I feel “by myself”, more than ever (even though I am ALSO in a half-baked protracted casual relationship with a man who has the same commitment issues that I have.). Its been damned uncomfortable… sitting with the boredom (due to lack of drama), having to take responsibility for my own happiness, realizing how little faith I have in myself. But, on the other hand, I am not obsessing over my PoA nearly as much. I no longer love/hate him. He is starting to fade to neutral. Sure, its only been a few days of REAL NC, but I have been preparing for this for almost a year.

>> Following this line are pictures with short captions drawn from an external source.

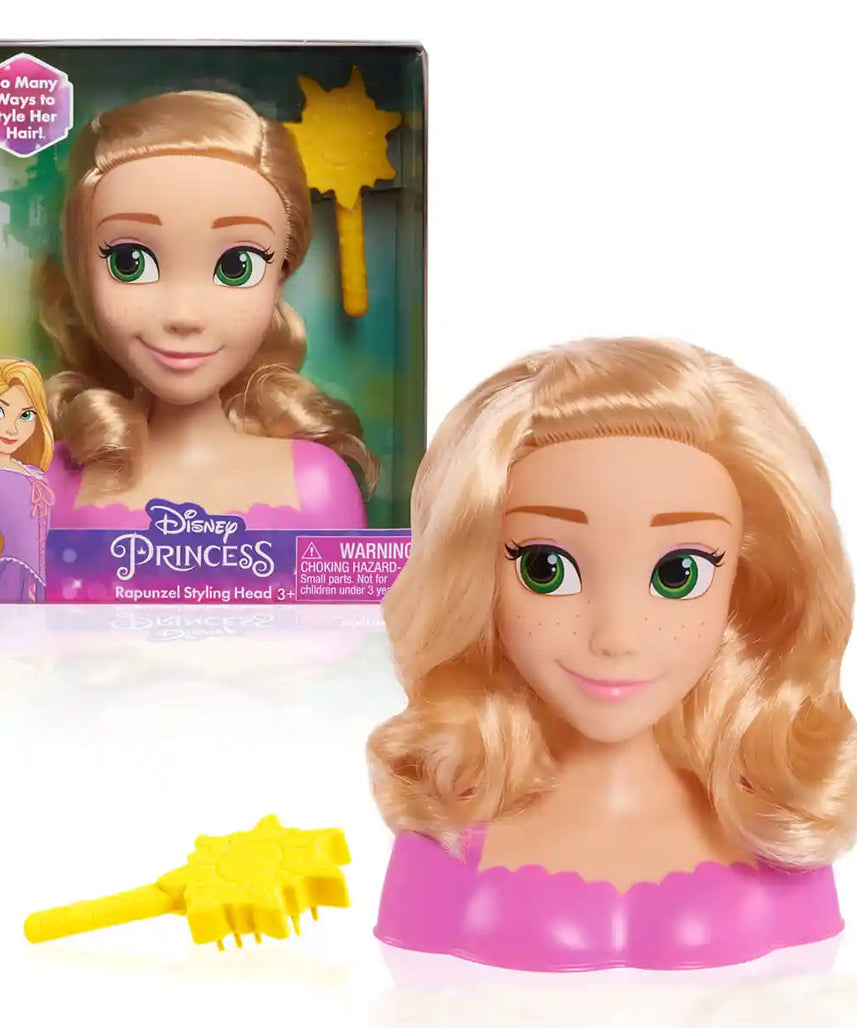 Disney Rapunzel Princess Mini Styling Head, Hair Styling Toy for Kids Ages 6-12, Creative Play and Imaginative Storytelling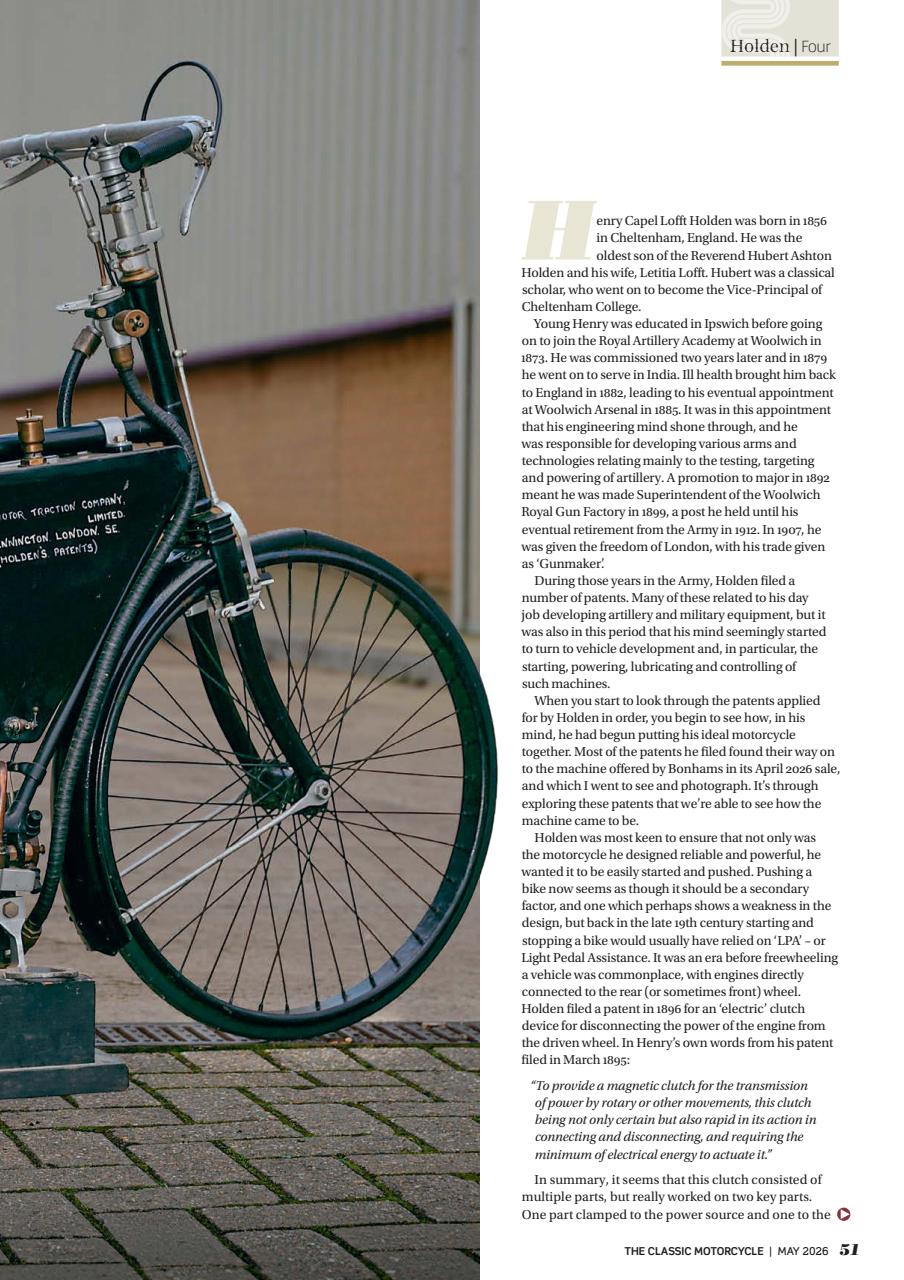 The Classic MotorCycle Preview Pages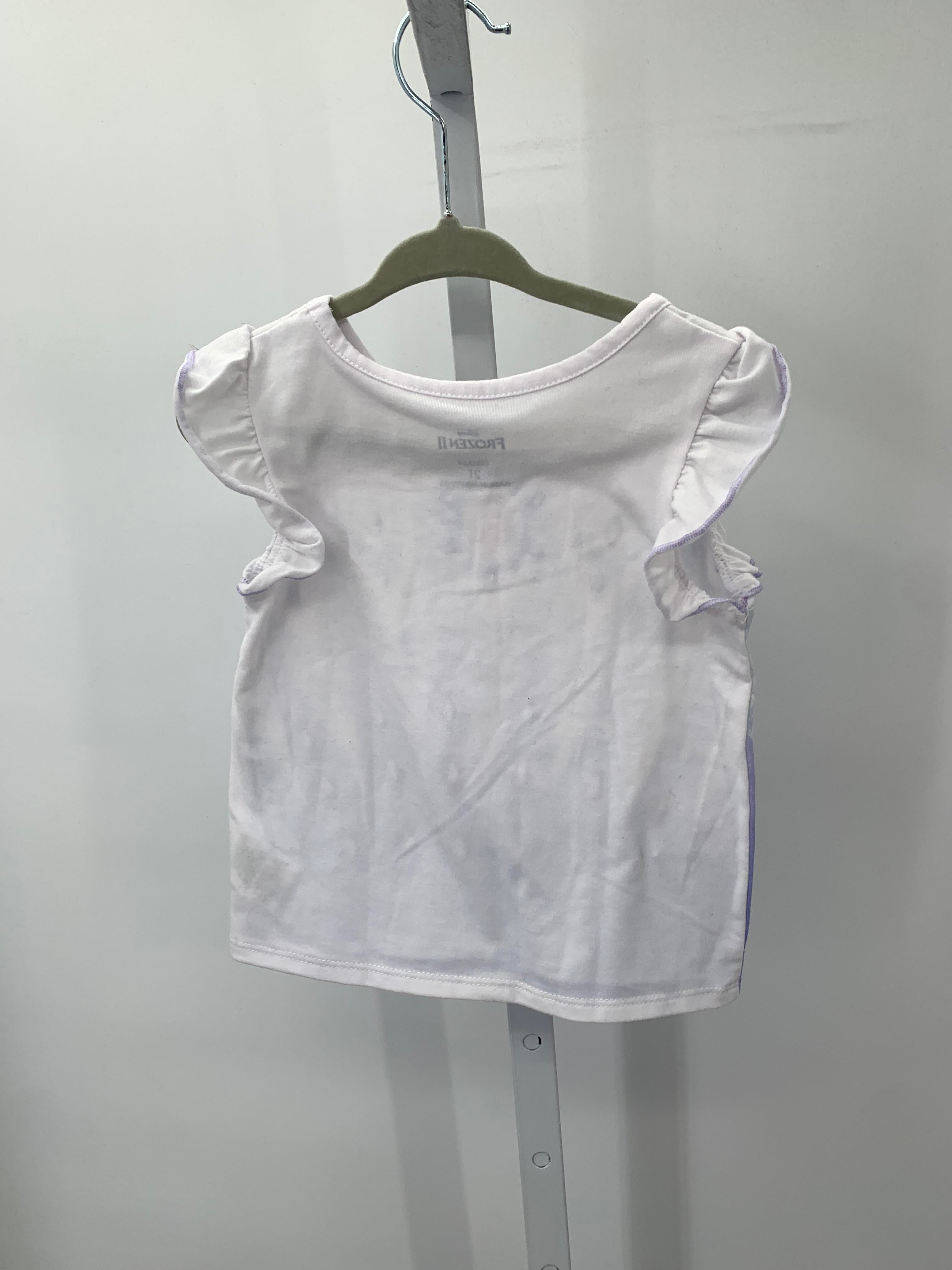 Disney Size 2T Girls Short Sleeve Shirt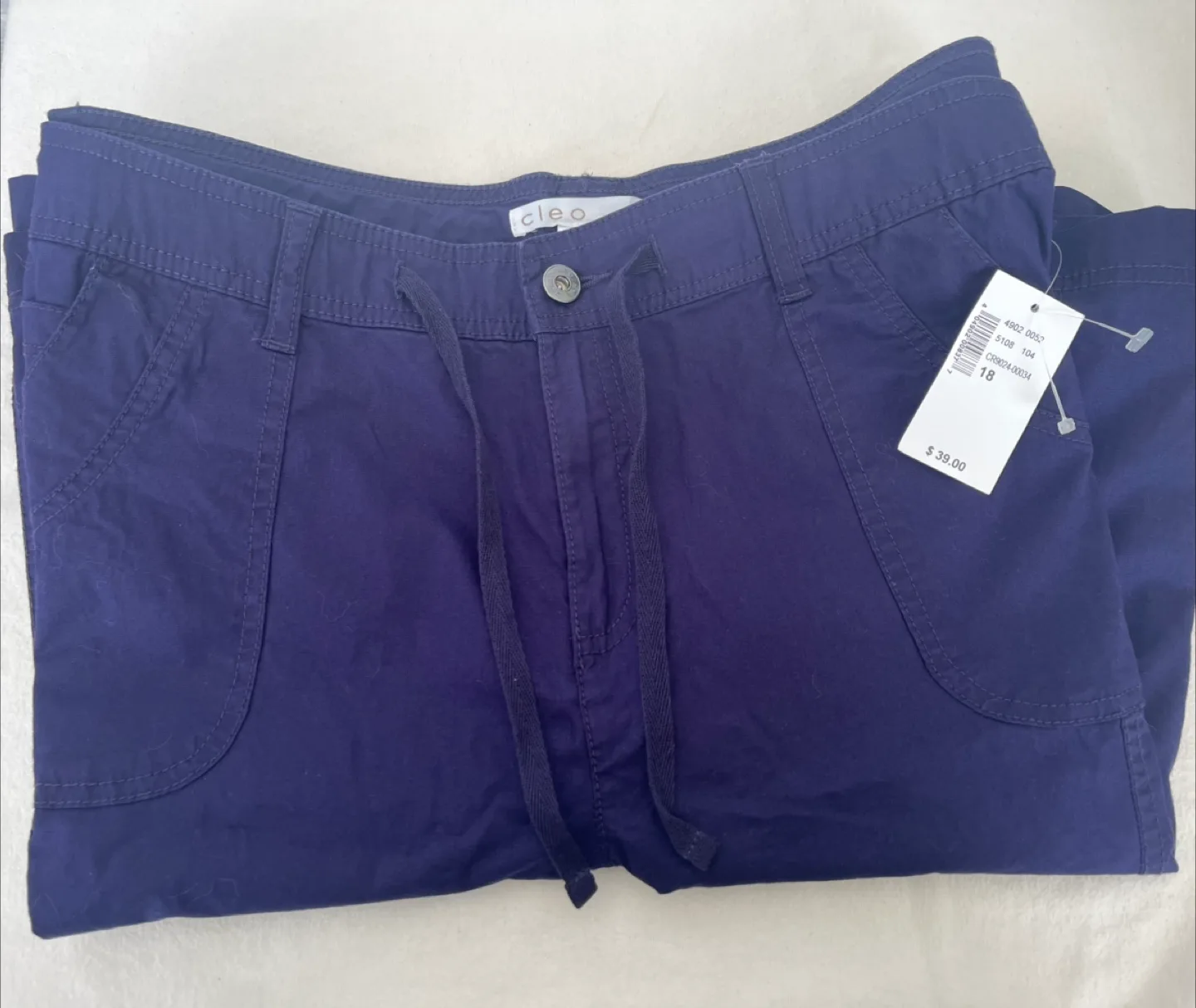 Brand New Cleo Size 18 Dark Purple Shorts thumbnail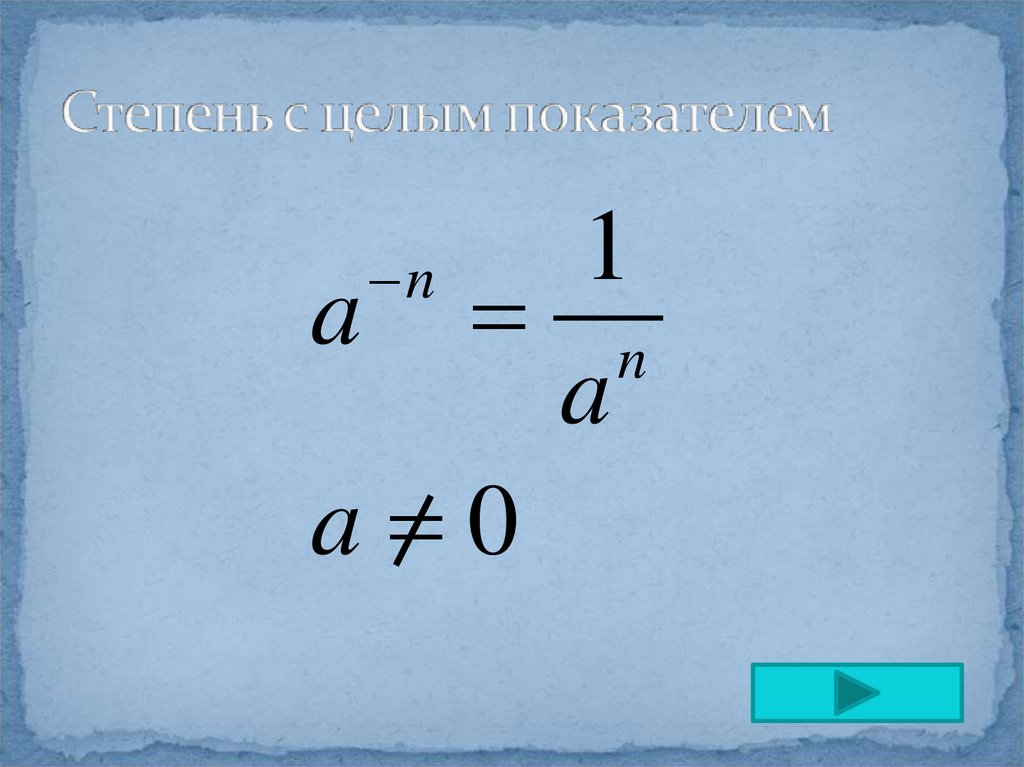 Степень с целым показателем 1. Степень с целым показателем формулы. Степень числа с целым показателем. Степень с целым показателем 9 класс. Проект степени с целым показателем.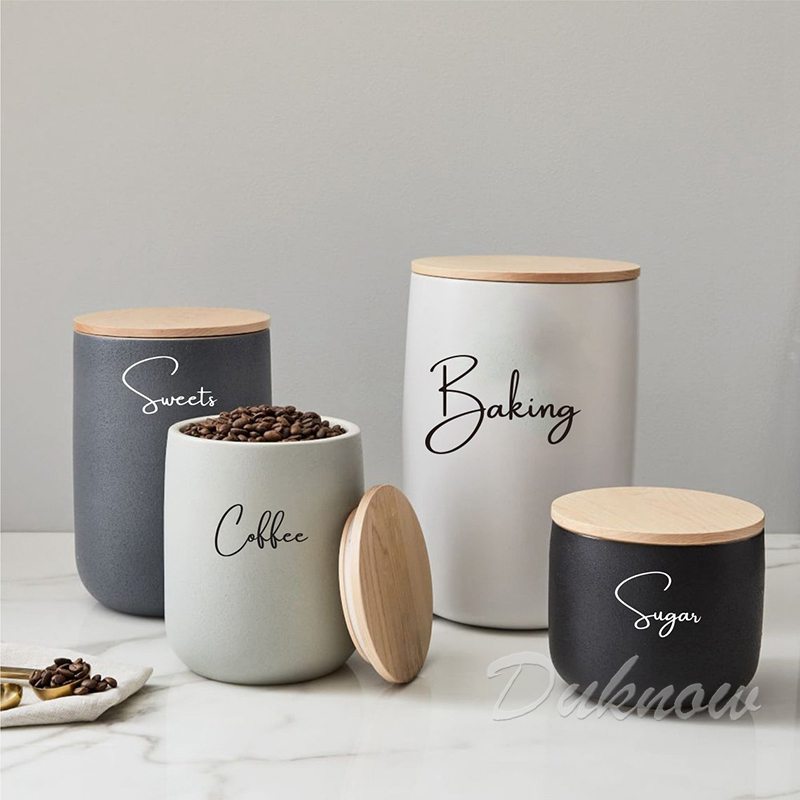 Kitchen Organization Canister  – Kitchen Baking Wall Art recenzja i cena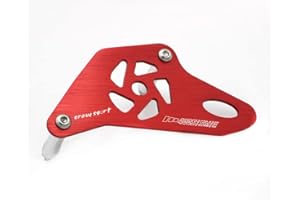 crazy sport Kettenschutz für DRZ400 SM/E/S 400 DRZ400S DRZ400SM DRZ400E 2013 2011 2015 2009 2022 Kettenradführung Motorradabdeckung (rot)
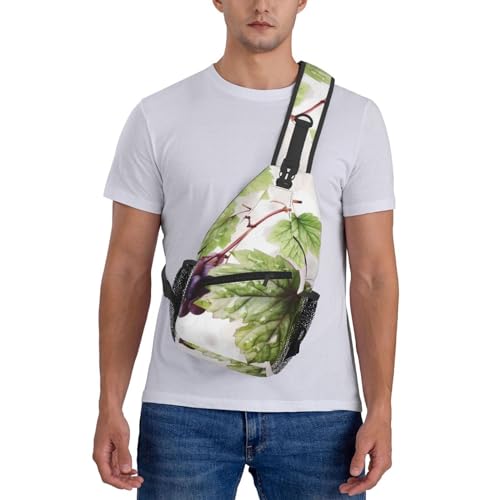 Bolso cruzado bandolera para hombre negro miniatura 7
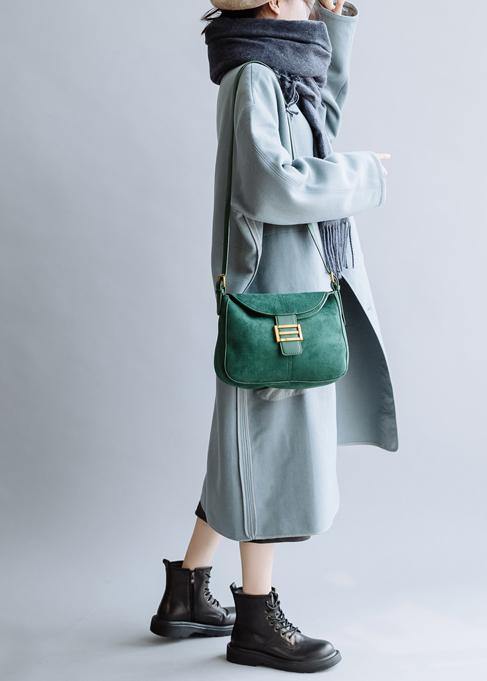 Oversize Coats Winter Coats Blue V Neck Button Down Woolen Coat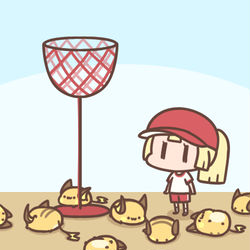 This is a pixiv picture whose title is 玉入れ.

I’m sure that I will fall off the wagon, but I am hoping that I will learn quicker in the future. I have also since enlisted the support of a therapist who is keen to work with me on my self-worth and my intimacy issues.
Pat yourself on the back for recognizing that you have a problem with love and that you are taking action to get healthier. That is ALL you can expect of yourself today. Isn’t that enough? If you think you will be free and clear of him and happy again within days, you are mistaken. Your biggest reality you have to feed yourself is that this will take a while, and that you need to be patient with yourself! If you read this blog from the early days, it took me 3 years to get through an addicted relationship and another 3 to really start living differently and change over to healthy behavior. Don’t be so hard on yourself. And don’t give up. You are worth the struggle!
Thank you for this! I look forward to more reading and more reflection.